- _Data below_:
────

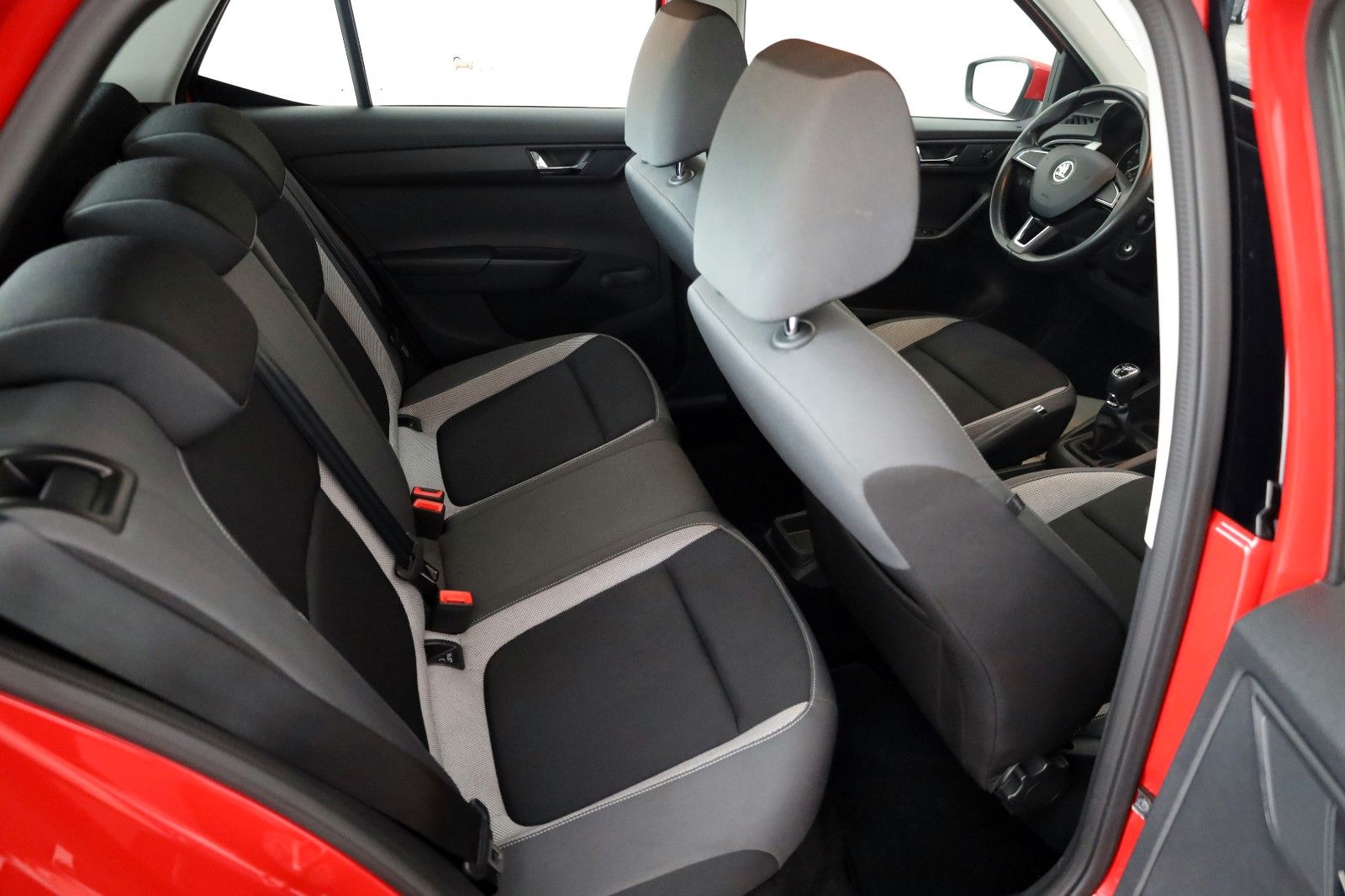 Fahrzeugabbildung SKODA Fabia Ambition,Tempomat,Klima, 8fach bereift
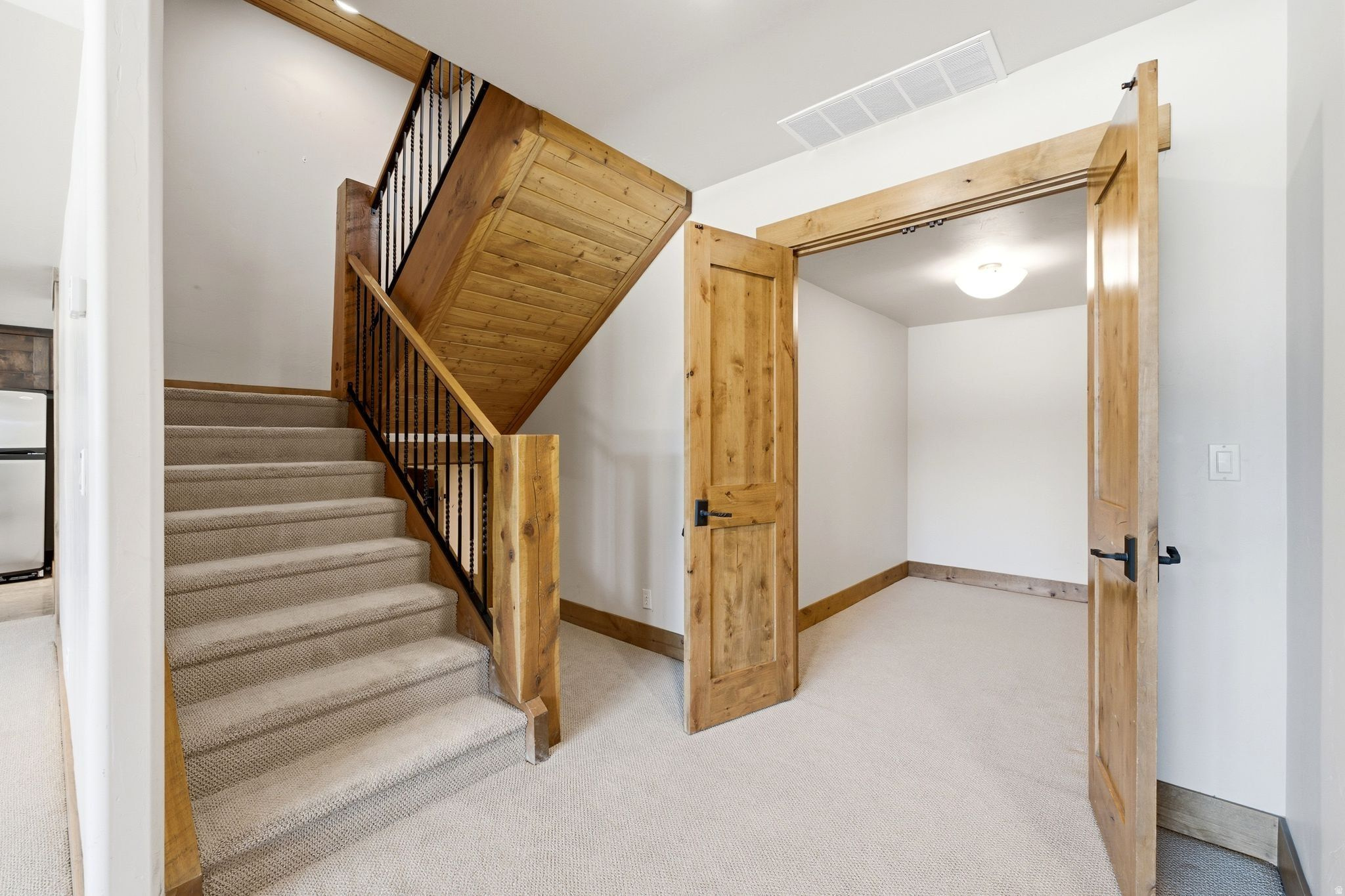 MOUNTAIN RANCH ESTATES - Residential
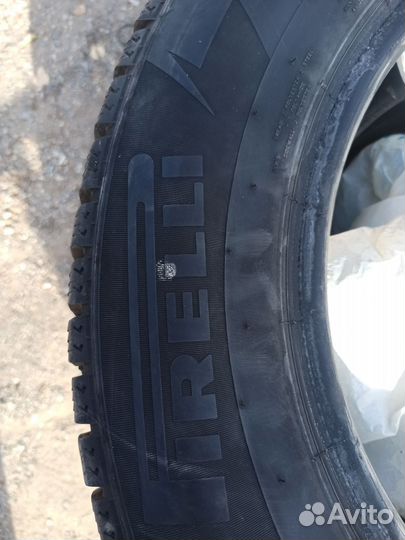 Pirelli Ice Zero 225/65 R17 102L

────

- _Work to complete_: When you repeat the listing, keep it exact and leave the pictures behind.

- _Task result_:
 Fahrzeugabbildung SKODA Fabia Ambition,Tempomat,Klima, 8fach bereift
 MOUNTAIN RANCH ESTATES - Residential
 Pirelli Ice Zero 225/65 R17 102L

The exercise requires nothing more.